Тут Иисус подошел к матери и продолжил:- а он ответил ей – «зачем было вам искать Меня? Или вы не знали, что Мне должно быть в том, что принадлежит Отцу моему?»…
- Да сынок, все так и было. Услышав этот голос, заметив этот царственный взгляд в его глазах, я поняла что случилось, и от этого понимания мена охватил страх и ужас… Это был ты, мой сын, мой первенец, но присутствовал в теле, того, другого мальчика, тогда как твое тело, покинутое твоей душой, твоей самостью, обессиленное и вяло поддающее признаков жизни, я держала в своих объятиях и прижимала к груди…
Дрожь пережитого ужаса вновь охватила тело Марии. Иисус снова заключил мать в объятиях и стал успокаивать.
- Я была потрясена и обессилена… и ничего не могла поделать. Что я могла? Кричать, верните мне сына, тогда, как держала его, и обнимала?..

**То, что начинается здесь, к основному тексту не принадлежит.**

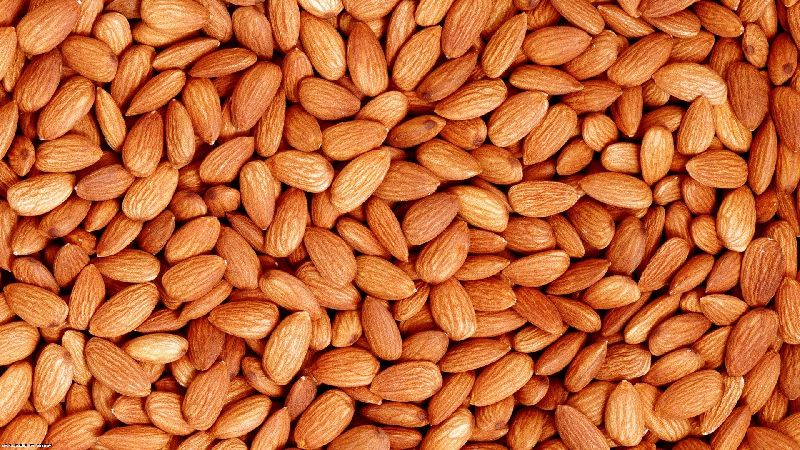 Where and how to store almonds at home, peeled and in shell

- Мамочка, моя, как ты натерпелась. Прости меня…
- О, сынок…
- Это было предопределено с самого нашего рождения, мама. Эти два начала, не могли появиться сразу в одном человеке. Разумность, вся, накопленная человечеством мудрость, с одной стороны и бесконечное сострадание и жертвенность, с другой, должны были, до поры, развиваться по отдельности, и лишь впоследствии, соединиться вместе. А тебе пришлось присутствовать при этом, и пережить все в своей душе, в одиночестве… Но, в конце концов, вы забрали нас обоих из храма…
-Да сынок, я кое-как вывела тебя и уложила в повозку, не отходила от тебя ни на шаг. Вышли и они, уселись во вторую, и все мы вернулись в Назарет.

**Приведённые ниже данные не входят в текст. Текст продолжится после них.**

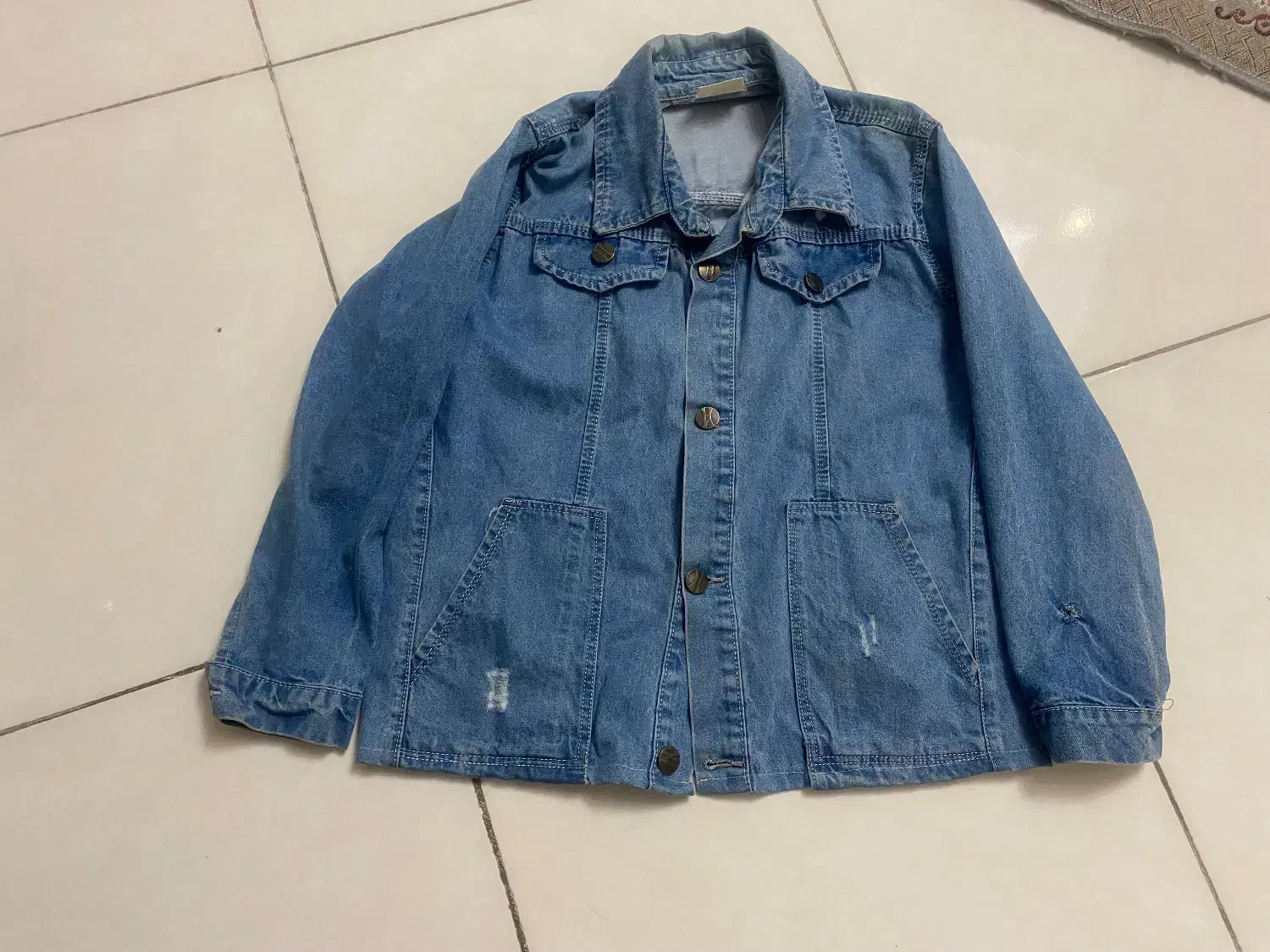 کاپشن|لباس|شهریار, شهریار|دیوار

- Что же стало с покинутым телом, мама?
- Оно стало угасать, сынок, растворяться, как исчезает, расплавляясь, восковая свеча под пламенем. Та, другая Мария, тоже поняла, что произошло. Не говоря ни слова, она приходила ко мне каждый день и помогала ухаживать над исчезающим телом. Мы умащивали его миррой, той миррой, что преподнесли жрецы. О, если б я знала тогда, в чем мне послужит этот дар…
- Это продолжалось не долго?
- Совсем не долго, сынок, всего несколько дней. Но для меня прошла вечность. От тела осталась всего лишь горстка пепла. Я не решилась отдать его земле, отнесла к Иордану и отдала реке…

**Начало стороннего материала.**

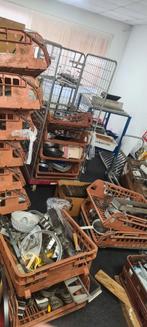 15 kratten bakkerijgereedschappen , bakkerijmaterialen., Ophalen, Taarten of Cupcakes, Bakvorm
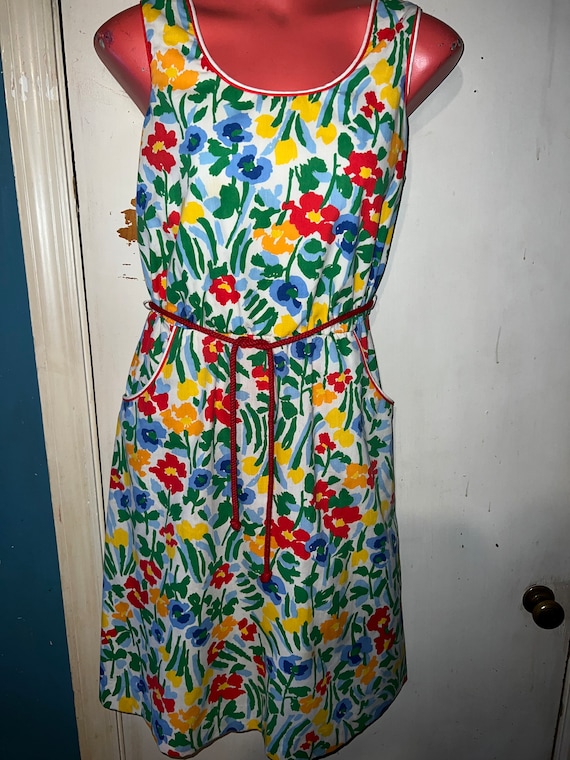 Vintage Floral Dress. 1960's Adorable Sleeveless Eye Popping Floral Dress. Perfect Vintage Sun Dress. Jenni Dress. Size 9/10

- Но ты все равно знала, что твой сын, я, остался жив и находится там же, рядом с тобой…
- Только это и давало мне сил, сынок, только так, я смогла пережить все, что случилось…
- А потом, изменения стали происходить с той, другой Марией.
- Да сынок, очень в скором времени, она заболела, какой то странной, непонятной болезнью. ЕЕ постоянно знобило, вся исхудала, как будто жар снедал ее изнутри. Я приходила к ней каждый день и помогала, как могла. Ты тоже всегда находился рядом с ней, укладывал ее в постель, садился у изголовья и не отходил, держа ее за руки или прикладывая свою ладонь к ее горящему лбу. Только твое прикосновение помогало ей, успокаивало и умиротворяло ее. Она смотрела на тебя своими огромными, светящимися глазами и не отводила взгляда… однажды, когда мы оставались одни, она подозвала меня, и рассказала, как к ней явился Ангел Гавриил, и возвестил, что она обрела благодать у Бога, что зачнет она от духа святого во чреве, и родит сына и наречет имя ему – Иисус, и наречется он Сыном Всевышнего.
- Ангел, ведь, и к тебе являлся, мама?
- Нет, сынок, ангел явился к мужу моему, Иосифу. Прежде, чем сочетались мы, оказалось, что я имею во чреве дитя, а муж мой, будучи праведен, не желая огласить меня, хотел отпустить меня тайно. Тогда явился к нему Ангел Господень во сне и сказал: «Иосиф, сын Давыдов! Не бойся принять Марию, жену твою, ибо родившееся в Ней есть от Духа Святого; родит же Сына, и наречешь Ему имя Иисус, ибо Он спасет людей Своих от грехов их». Так он убедился, что была я непорочна, и принял меня и оберегал…
- Вообще то, мама, любое зачатие, непорочно. Способность воспроизвести себя подобных, это дар Божий человеку, и через него, всей живой природе. Этим он и походит на Бога, «образ и подобие ему», этим, и способностью мыслить и говорить. Но, Богу, для созидания, достаточно выговориться. Человеку же, пока что, нужны другие, дополнительные усилия. Вот только, люди, со временем, перестали переживать экстатичность и божественность происходящего, и отдались телесным ощущениям. Но с вами, с обоими, все это, происходило не так, а под водительством ангелов, и вы были и остались непорочными… но хватит об этом, что же было дальше с Марией?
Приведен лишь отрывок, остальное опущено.